(Work order) Among the lines below, restate word for word only those from the line with "Bransoletka z mosiądzu" through the line with "Tables de chevet", with both end lines kept.

(Exercise input)
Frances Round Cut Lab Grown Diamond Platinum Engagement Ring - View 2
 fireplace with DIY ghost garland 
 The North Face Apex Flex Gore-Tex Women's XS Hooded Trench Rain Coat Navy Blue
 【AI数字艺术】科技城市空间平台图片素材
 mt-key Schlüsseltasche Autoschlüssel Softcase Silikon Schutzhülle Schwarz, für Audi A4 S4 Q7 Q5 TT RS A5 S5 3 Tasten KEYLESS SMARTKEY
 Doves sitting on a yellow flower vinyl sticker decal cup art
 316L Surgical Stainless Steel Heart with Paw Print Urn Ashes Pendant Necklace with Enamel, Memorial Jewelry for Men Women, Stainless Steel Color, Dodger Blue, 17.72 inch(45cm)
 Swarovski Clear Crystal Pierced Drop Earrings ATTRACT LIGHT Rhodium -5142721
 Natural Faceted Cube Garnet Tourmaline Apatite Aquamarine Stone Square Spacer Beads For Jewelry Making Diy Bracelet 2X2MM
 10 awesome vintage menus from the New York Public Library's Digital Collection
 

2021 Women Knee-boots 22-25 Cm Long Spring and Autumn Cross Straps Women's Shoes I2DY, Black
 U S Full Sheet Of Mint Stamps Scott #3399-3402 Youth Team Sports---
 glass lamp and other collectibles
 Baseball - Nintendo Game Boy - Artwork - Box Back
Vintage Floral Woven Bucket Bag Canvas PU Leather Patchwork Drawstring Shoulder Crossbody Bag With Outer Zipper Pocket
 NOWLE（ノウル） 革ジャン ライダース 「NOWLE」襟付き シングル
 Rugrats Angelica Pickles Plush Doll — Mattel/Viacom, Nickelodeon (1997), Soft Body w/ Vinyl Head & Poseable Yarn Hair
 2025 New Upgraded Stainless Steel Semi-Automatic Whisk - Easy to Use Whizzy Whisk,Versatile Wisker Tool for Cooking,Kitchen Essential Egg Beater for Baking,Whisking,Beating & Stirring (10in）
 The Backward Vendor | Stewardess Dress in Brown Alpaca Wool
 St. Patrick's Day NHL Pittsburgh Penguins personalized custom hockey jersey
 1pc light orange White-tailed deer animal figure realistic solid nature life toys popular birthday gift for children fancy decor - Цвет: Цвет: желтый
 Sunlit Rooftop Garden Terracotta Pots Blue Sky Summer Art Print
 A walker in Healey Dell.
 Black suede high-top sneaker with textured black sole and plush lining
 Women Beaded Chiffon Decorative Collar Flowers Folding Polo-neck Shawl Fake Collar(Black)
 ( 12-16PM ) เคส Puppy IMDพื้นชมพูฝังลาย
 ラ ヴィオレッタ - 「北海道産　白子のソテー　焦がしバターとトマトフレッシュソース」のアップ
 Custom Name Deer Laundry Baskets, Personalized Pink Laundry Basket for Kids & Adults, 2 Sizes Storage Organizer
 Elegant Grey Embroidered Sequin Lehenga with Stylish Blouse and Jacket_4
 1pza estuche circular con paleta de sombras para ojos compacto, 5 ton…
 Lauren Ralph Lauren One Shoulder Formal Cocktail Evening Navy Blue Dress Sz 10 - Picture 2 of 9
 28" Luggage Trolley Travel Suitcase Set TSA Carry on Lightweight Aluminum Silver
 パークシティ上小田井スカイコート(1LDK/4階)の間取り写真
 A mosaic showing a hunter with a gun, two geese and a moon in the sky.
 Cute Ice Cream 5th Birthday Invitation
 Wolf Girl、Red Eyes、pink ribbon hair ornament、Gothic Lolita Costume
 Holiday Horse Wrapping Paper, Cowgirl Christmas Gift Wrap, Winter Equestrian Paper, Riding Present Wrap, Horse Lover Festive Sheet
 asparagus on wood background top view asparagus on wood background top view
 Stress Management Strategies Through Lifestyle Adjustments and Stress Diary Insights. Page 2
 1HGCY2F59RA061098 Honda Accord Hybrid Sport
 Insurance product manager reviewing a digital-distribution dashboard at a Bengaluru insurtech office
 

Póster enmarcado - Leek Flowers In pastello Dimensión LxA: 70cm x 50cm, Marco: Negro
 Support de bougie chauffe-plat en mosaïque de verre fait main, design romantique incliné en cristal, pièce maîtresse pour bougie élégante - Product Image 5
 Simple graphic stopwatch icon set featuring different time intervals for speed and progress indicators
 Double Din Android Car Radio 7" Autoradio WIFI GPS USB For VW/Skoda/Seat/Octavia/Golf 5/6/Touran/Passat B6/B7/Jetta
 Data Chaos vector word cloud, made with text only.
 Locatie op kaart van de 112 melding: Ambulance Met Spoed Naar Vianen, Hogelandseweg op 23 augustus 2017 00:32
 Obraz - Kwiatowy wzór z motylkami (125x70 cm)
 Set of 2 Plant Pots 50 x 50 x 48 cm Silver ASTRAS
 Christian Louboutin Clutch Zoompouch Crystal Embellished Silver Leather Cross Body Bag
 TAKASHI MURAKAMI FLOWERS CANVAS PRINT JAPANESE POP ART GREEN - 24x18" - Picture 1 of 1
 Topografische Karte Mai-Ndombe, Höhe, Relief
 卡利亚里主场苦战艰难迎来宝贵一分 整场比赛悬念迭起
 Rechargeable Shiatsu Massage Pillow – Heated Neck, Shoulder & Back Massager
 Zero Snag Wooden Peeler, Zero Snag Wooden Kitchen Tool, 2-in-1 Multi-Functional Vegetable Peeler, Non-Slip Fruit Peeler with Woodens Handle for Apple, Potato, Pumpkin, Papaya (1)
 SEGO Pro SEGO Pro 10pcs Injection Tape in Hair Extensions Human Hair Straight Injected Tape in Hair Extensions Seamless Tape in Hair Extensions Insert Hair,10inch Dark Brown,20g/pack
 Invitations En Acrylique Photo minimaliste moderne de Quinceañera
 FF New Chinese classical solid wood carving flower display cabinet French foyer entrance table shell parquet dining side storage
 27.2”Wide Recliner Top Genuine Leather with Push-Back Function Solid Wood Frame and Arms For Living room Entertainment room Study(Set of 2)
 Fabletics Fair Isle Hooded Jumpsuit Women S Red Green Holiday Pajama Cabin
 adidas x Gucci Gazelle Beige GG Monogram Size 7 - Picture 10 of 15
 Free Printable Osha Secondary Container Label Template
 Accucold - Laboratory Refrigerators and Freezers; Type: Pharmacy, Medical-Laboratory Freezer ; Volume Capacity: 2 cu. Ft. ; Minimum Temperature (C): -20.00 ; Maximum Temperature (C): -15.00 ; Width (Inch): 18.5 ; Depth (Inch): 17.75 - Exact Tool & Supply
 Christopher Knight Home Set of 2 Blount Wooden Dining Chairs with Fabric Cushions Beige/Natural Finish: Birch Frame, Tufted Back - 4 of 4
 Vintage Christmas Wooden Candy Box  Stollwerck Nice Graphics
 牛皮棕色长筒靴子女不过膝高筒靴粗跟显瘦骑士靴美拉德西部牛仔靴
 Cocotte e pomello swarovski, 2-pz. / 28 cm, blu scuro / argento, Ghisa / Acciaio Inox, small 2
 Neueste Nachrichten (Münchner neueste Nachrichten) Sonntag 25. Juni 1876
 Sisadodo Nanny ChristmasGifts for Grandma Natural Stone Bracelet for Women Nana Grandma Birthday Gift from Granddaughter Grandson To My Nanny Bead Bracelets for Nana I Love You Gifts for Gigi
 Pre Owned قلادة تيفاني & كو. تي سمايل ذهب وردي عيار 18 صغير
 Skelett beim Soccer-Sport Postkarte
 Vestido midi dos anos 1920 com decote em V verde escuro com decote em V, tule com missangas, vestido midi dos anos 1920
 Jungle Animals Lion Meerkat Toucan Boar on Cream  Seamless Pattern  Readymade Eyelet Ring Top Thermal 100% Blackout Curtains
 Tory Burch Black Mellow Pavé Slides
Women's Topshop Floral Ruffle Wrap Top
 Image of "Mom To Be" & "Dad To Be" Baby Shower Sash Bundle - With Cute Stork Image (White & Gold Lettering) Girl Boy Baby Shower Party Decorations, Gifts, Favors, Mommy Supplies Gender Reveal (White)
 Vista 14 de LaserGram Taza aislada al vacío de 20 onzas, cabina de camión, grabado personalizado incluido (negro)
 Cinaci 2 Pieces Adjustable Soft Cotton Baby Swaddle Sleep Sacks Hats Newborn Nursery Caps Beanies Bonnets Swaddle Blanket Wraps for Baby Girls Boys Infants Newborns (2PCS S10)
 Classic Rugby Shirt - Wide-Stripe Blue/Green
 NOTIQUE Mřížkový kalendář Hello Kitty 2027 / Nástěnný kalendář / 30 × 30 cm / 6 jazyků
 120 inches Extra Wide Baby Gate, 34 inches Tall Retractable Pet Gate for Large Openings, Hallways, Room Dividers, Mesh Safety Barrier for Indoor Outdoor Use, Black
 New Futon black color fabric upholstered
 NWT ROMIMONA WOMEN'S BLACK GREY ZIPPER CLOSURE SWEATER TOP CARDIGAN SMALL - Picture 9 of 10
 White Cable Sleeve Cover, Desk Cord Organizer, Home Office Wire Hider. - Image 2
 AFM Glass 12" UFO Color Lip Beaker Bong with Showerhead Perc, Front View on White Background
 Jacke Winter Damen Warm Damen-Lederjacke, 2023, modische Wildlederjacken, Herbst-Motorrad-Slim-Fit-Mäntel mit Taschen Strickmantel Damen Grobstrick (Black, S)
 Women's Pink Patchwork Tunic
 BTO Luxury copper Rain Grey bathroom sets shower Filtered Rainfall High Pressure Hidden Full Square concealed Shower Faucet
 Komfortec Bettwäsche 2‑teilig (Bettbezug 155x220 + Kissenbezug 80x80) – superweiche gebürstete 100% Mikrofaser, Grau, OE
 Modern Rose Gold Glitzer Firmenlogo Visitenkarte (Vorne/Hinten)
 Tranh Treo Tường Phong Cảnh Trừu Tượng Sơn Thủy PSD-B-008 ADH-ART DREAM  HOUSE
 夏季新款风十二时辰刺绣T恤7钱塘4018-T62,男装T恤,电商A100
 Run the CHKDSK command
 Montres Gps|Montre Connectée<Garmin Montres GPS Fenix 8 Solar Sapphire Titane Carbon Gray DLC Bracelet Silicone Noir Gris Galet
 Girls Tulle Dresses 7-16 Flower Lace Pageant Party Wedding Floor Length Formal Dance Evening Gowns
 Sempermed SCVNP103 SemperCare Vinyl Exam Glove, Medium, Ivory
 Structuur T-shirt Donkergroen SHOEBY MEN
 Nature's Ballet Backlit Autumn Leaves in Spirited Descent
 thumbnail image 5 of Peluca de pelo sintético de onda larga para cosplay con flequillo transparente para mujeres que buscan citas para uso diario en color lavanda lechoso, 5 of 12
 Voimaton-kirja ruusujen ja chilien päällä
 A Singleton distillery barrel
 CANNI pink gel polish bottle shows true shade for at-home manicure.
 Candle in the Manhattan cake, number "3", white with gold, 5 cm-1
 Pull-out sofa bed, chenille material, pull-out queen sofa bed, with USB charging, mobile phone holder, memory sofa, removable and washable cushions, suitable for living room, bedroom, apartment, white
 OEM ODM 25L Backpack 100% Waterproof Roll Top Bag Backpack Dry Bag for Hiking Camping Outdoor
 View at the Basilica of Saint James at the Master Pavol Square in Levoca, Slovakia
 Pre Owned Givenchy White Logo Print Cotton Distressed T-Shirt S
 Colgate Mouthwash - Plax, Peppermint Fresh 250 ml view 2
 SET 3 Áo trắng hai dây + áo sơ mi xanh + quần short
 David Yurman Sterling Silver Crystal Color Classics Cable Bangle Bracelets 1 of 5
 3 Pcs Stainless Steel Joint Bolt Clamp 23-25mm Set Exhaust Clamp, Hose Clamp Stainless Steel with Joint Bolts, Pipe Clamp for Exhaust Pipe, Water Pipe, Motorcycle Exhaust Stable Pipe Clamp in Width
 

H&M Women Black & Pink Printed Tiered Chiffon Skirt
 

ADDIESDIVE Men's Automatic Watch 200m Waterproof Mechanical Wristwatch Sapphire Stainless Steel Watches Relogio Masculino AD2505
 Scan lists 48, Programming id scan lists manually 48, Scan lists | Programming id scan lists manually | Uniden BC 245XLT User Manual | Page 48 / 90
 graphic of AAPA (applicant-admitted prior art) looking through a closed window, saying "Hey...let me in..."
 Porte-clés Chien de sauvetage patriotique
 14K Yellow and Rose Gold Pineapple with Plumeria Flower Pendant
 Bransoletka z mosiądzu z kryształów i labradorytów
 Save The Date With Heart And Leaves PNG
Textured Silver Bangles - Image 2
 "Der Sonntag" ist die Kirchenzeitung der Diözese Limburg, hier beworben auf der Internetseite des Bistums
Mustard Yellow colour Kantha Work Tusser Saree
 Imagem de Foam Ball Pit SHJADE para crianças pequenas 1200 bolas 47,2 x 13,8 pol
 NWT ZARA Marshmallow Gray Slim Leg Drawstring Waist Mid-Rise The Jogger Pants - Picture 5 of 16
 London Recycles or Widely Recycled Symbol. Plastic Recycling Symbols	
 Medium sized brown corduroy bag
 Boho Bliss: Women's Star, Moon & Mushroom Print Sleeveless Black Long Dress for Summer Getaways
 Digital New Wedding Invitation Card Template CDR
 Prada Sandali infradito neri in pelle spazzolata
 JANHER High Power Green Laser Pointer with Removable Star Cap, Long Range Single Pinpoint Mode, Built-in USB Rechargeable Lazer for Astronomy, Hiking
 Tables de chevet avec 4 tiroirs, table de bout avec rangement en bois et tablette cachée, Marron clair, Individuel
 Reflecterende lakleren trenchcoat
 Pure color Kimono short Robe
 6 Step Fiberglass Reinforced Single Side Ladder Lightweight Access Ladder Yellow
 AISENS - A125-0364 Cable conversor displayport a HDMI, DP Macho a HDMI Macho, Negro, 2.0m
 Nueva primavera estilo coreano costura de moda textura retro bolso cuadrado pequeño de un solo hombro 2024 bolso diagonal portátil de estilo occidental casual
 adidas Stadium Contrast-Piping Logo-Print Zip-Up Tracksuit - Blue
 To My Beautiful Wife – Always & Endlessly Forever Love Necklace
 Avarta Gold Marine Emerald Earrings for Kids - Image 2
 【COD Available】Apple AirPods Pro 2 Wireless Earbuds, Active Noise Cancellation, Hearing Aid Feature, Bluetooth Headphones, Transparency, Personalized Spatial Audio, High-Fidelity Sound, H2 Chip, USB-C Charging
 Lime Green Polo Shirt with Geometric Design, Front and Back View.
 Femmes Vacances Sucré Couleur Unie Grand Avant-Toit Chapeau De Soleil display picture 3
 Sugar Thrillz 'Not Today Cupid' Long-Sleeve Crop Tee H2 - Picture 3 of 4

(Reply)
 Bransoletka z mosiądzu z kryształów i labradorytów
 Save The Date With Heart And Leaves PNG
Textured Silver Bangles - Image 2
 "Der Sonntag" ist die Kirchenzeitung der Diözese Limburg, hier beworben auf der Internetseite des Bistums
Mustard Yellow colour Kantha Work Tusser Saree
 Imagem de Foam Ball Pit SHJADE para crianças pequenas 1200 bolas 47,2 x 13,8 pol
 NWT ZARA Marshmallow Gray Slim Leg Drawstring Waist Mid-Rise The Jogger Pants - Picture 5 of 16
 London Recycles or Widely Recycled Symbol. Plastic Recycling Symbols	
 Medium sized brown corduroy bag
 Boho Bliss: Women's Star, Moon & Mushroom Print Sleeveless Black Long Dress for Summer Getaways
 Digital New Wedding Invitation Card Template CDR
 Prada Sandali infradito neri in pelle spazzolata
 JANHER High Power Green Laser Pointer with Removable Star Cap, Long Range Single Pinpoint Mode, Built-in USB Rechargeable Lazer for Astronomy, Hiking
 Tables de chevet avec 4 tiroirs, table de bout avec rangement en bois et tablette cachée, Marron clair, Individuel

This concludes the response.